Contrasting the Libertarians with UFPJ

The Democratic Party-tied, United For Peace and Justice (the largest beginning of a kernel of a national US antiwar coalition), has been a disaster for those wanting truly to mobilize antiwar sentiment in the US. So has the Democratic Party-tied organization, MoveOn.

Meanwhile, the remnants of the old leadership of the US antiwar movement during the Vietnam Era continue to busy themselves talking in Marxist tongues and contemplating their own navels at Louis Proyect’s do-nothing site, Marxmail.

But what about the Libertarians? Check out John Walsh’s commentary, ‘Shaming the Official Antiwar Movement‘.

How the Democratic Party supporter’s sectarianism holds back building the antiwar movement

John Walsh has just published an outstanding article at Counterpunch about how the sectarianism of the leadership of the national UFPJ (united for Peace & Justice) is holding back the construction of a much larger and more active antiwar movement.

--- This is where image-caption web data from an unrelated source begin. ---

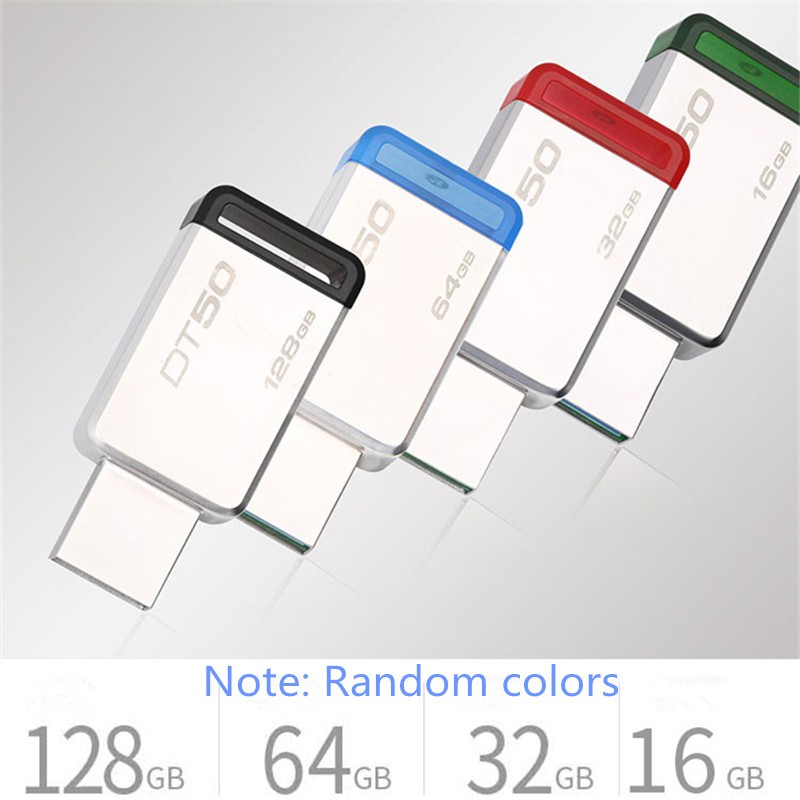 Kingston (DT50/32GBFR) Metal USB 16GB 32GB 64GB 128GB 3.1 Flash Drive Pendrives
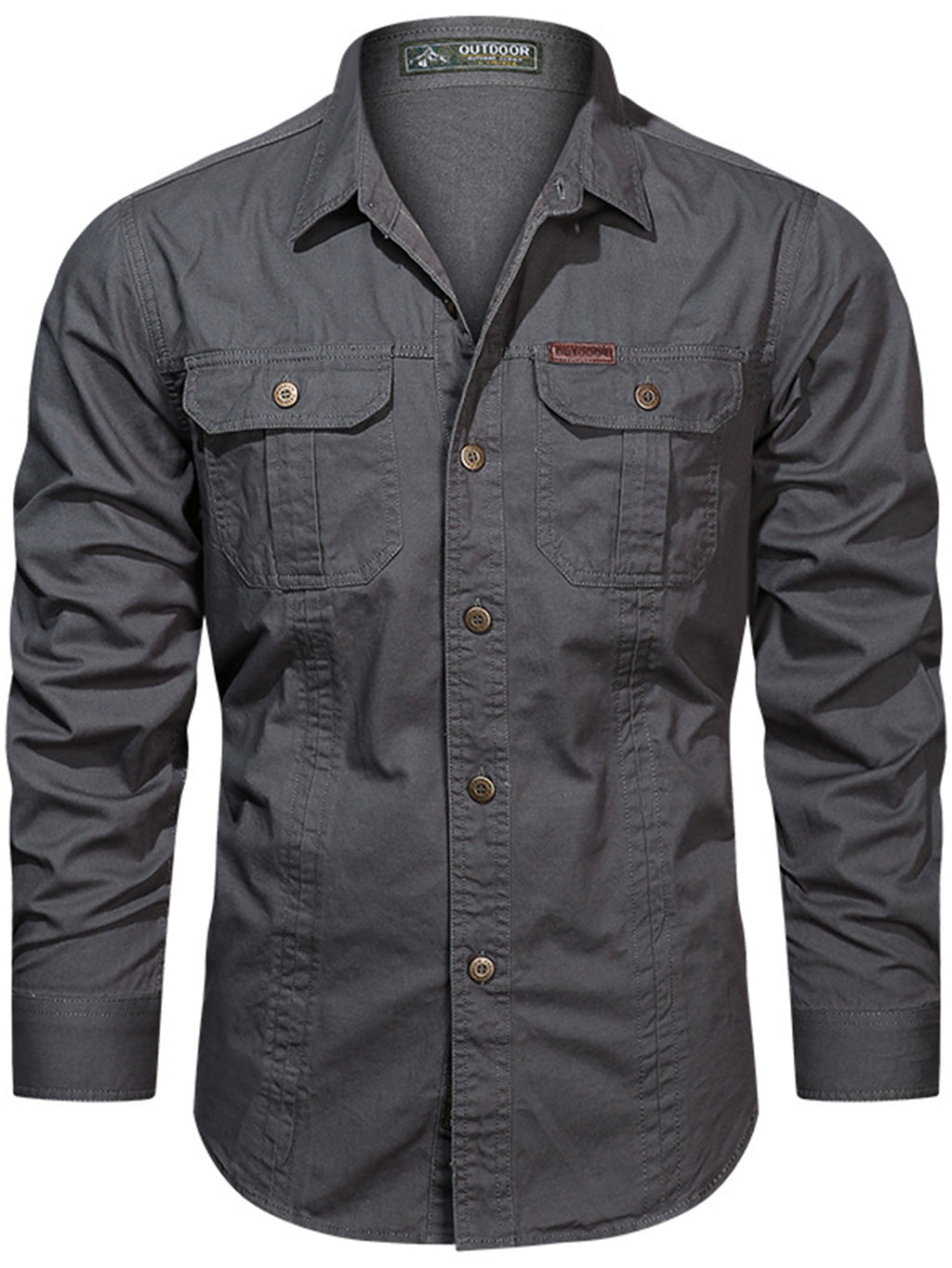Fredd Marshall high-performance outdoor shirt, long sleeve, charcoal gray, front view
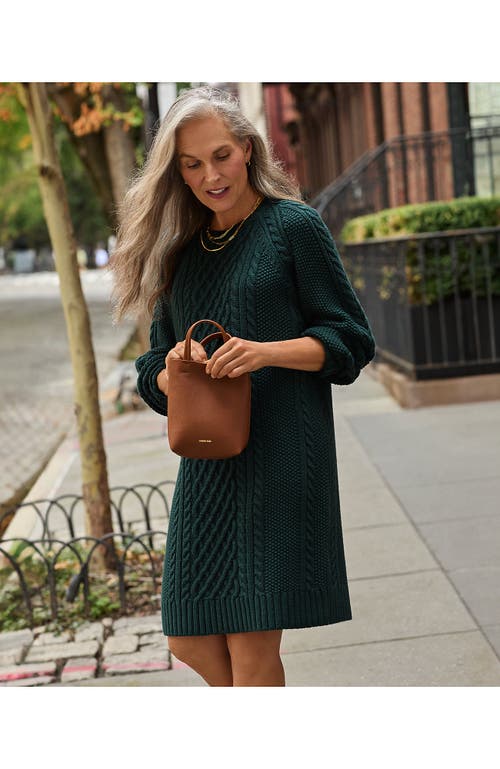 Shop Lands' End Cotton Blend Cable Crew Neck Sweater Dress In Deep Forest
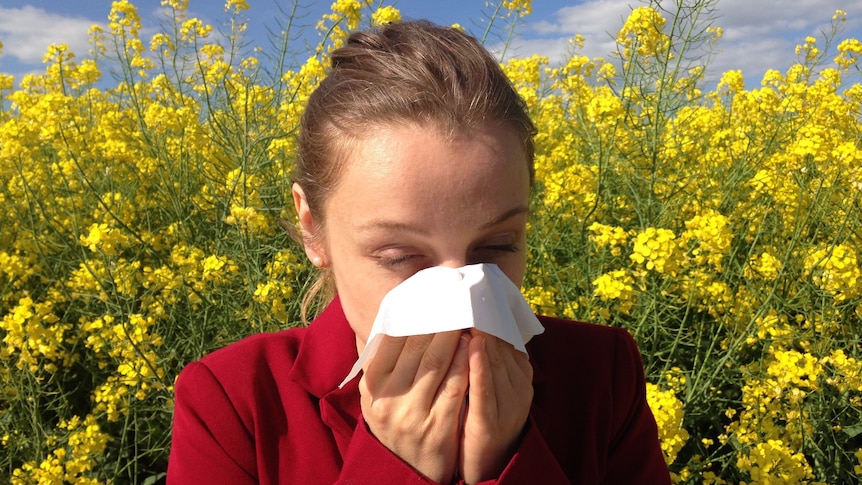 A woman sneezing into a tissue in a field of flowers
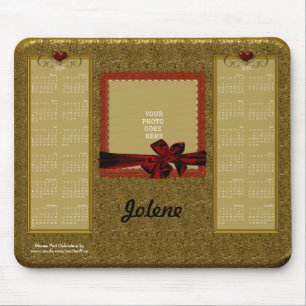 Tapis De Souris 2014-2015 Calendrier Pad GOLD avec Coeurs ROUGES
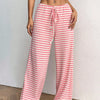 Women's Ribbed Drawstring Wide-Leg Lounge Pants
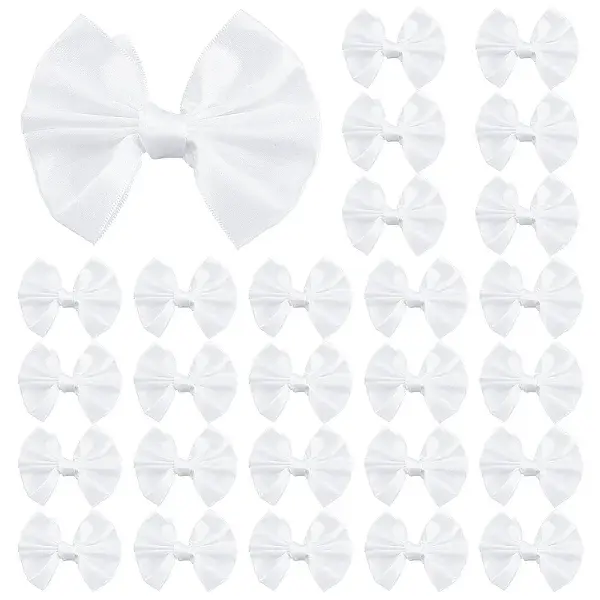 30Pcs Bowknot Polyester Ornament Accessories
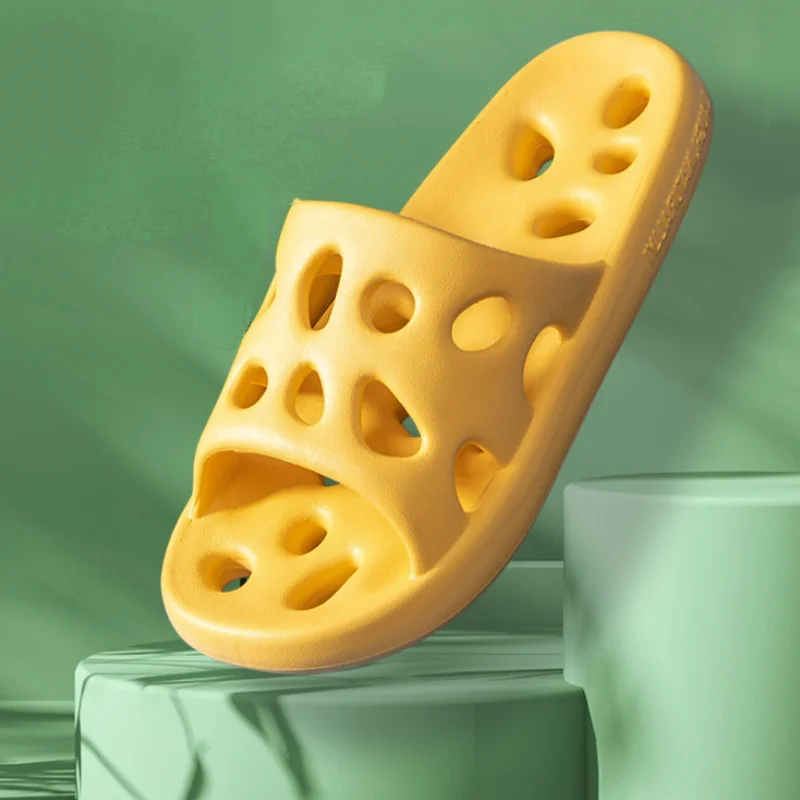 Bathroom Shower Slippers Hollow Out Women Men Slides Summer Eva Hole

The UFPJ is one of two national antiwar coalitions, and is dominated by Democratic Party supporters that refuse to work with others in a united manner. Control is what this ‘coalition’ is about, and central to that is their desire to use control to help elect Democratic party politicians who often go on to betray the antiwar cause.

As the Democratic Party continues to rot, some liberals just refuse to let go. Their grandparents believed that the DP was the party of change, as did their moms and dads. These liberals just refuse to deal with the basic reality that through the generations, all the ‘change’ the DP has brought has been from a net BAD to a net much WORSE. To these types, this addiction to the Democrats has been much harder to fight than even that of being addicted to food, alcohol, heroin, and tobacco.

Let’s be real. The UFPJ has failed to mobilize the American public into the streets in protest, where asses if they had this war would have already been over. The issue of stopping the US military from rambling along zonkers under the Bush Administration direction should unite us all, Libertarians, liberal Christians, Socialists, Anarchists, and the Democratic Party liberal voters, too. Unfortunately, each group has often acted as if they owned how opposition to Bush should be allowed to unfold. The net effect has been a diminished response to any action from the public at large.

The UFPJ has been about the worst of the sectarian offenders due to the obvious fact, that the Democratic Party leadership itself is not really antiwar, but just mildly anti-Republican instead. The UFPJ leadership is made up of liberal democratic Party voters who hope only to lobby to put the DP into offices, and not oppose very much the Democrats politicians already there. Letter writing, lobbying, and prayer are the type of strategies they most often want to engage in. That, and action that gets people arrested, such as sitting down in the middle of the street, or crossing onto military property or into recruitment offices. Working with non liberal Democrats to enlarge public protest rallies and marches is not anywhere much on their radar.

Unity, not sectarianism. And unity not just to elect Democratic party politicians, but unity to stop US militarism in its place and then to roll it back and out of American life altogether.